Howard Dean: The former Vermont governor and current front-runner opposed the war, and he wants an international approach for the future. On NPR in July he said, “Now that we’re there, we can’t leave. We cannot allow chaos or a fundamentalist regime in Iraq because it could be fertile ground for Al Qaeda. First thing I would do is bring in 40,000 to 50,000 other troops. I’d look to Arab countries, Islamic countries who are our allies, NATO, the United Nations. General [Eric K.] Shinseki, before we went in, said that we did not have enough troops. The administration ignored that advice. It turned out to be true. It was a good thing that Shinseki give us that advice. It was a bad thing the administration ignored their own military expertise. . . . We’re gonna be there for a long time in Iraq. We can’t leave, because if we do before there’s established democracy, many worse things will happen to both the Iraqi people and to America if the terrorists move in.”
Al Sharpton: He was against the war, and he favors a multinational strategy via the UN. “I have a policy,” he says, “of saying that we need to develop a balanced strategy of creating allies around the world, supporting democratic movements around the world, and not having an inconsistent pattern of saying we’re going to be with the most cruel reactionary dictators if they serve our interest and then make them the pariahs when we decide they do not.”
Joseph Lieberman: The Connecticut senator supported the war and currently advocates an international administration—not a U.S. occupation—to be headed by a trusted “ally from the Arab world.” He would “let the Iraqis, who have a good reputation at managing their own oil industry, continue to do that.

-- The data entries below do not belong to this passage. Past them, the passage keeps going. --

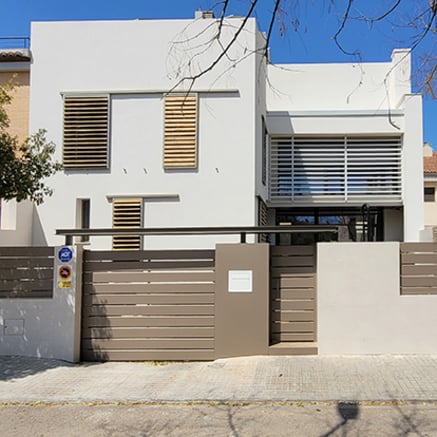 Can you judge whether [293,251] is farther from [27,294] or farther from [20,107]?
[20,107]

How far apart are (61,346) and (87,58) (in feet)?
24.3

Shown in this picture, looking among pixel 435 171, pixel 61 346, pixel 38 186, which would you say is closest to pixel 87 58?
pixel 38 186

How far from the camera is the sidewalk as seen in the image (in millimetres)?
5758

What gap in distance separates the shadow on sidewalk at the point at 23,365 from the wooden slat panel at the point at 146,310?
3.15 feet

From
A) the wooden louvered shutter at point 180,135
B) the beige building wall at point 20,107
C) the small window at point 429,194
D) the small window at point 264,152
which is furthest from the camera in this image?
the small window at point 429,194

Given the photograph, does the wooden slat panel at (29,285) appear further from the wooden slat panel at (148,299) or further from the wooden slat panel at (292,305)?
the wooden slat panel at (292,305)

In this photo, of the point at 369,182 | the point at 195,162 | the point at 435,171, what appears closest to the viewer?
the point at 195,162

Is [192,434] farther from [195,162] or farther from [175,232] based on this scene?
[195,162]

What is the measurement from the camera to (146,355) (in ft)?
25.5

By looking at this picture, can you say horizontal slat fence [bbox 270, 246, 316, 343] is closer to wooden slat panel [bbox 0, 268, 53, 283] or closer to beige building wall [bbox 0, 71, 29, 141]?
wooden slat panel [bbox 0, 268, 53, 283]

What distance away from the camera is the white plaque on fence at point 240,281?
769 centimetres

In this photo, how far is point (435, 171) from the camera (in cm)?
2475

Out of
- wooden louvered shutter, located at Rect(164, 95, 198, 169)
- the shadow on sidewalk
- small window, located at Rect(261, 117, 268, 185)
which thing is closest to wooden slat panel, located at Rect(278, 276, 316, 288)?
the shadow on sidewalk

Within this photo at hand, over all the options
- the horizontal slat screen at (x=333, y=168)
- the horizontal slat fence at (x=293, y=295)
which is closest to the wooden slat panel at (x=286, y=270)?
the horizontal slat fence at (x=293, y=295) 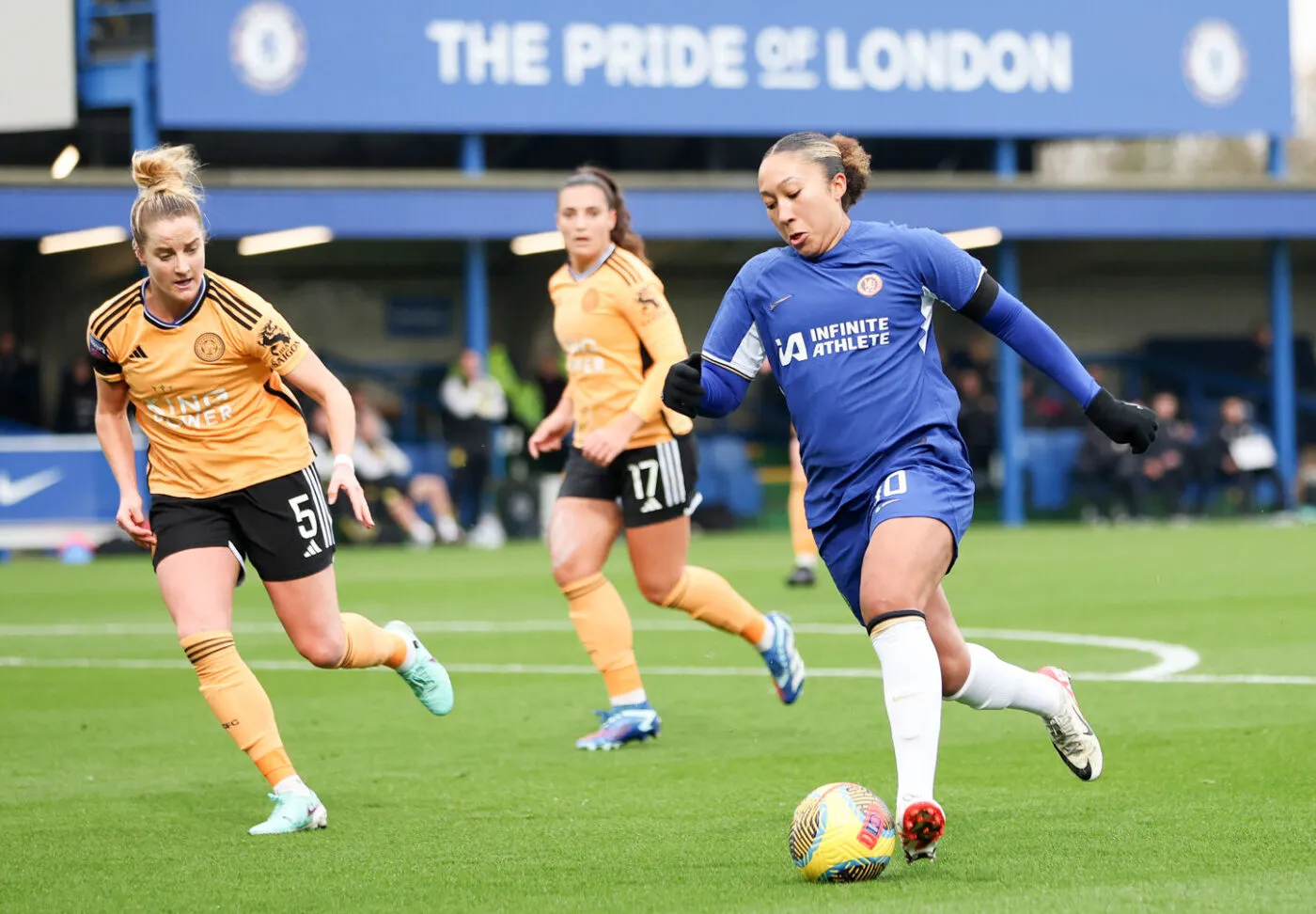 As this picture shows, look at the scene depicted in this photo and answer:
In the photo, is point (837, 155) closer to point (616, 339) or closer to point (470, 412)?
point (616, 339)

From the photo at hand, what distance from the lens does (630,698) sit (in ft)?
25.1

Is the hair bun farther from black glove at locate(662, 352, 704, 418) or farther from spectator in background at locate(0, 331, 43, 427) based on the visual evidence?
spectator in background at locate(0, 331, 43, 427)

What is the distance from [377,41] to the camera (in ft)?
79.6

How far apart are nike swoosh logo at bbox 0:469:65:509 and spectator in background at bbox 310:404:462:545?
3022mm

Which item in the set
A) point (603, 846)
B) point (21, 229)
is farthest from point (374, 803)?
point (21, 229)

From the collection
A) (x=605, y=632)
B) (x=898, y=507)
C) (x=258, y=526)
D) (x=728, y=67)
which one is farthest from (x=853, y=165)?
(x=728, y=67)

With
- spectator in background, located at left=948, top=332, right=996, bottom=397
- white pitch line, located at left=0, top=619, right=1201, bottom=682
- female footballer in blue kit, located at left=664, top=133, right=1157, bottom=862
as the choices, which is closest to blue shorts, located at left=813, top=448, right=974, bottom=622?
female footballer in blue kit, located at left=664, top=133, right=1157, bottom=862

And have some kind of international board to oversee it to make sure the proceeds, the profits, were going to benefit the Iraqis.”
Dennis Kucinich: The former Cleveland mayor and current House member opposed the war from the start and favors turning over efforts to the UN. “The president must go to the UN and announce the U.S. intention to hand over all administrative and security responsibilities to the UN,” he says. “The UN would help Iraqis move quickly toward self-determination—administering oil revenues, contracts for war repair. Close down the occupation authority and suspend all reconstruction contracts. Bring U.S. troops home as UN troops are rotated in—hopefully by the New Year. Soon after the UN enters, hold a national election to send delegates to a constitutional convention that will draft a new constitution, followed by nationwide elections to install an elected government.”
Carol Moseley Braun: The former Illinois senator opposed the war, supports internationalization, and wants to use funds earmarked for Iraq here at home on various social programs. “The notion that we won the war against Iraq is like saying we won a war against Arizona,” she says. “But having said that, the question becomes again whether it was the right course, whether this unelected president had any right to send American men and women into harm’s way.”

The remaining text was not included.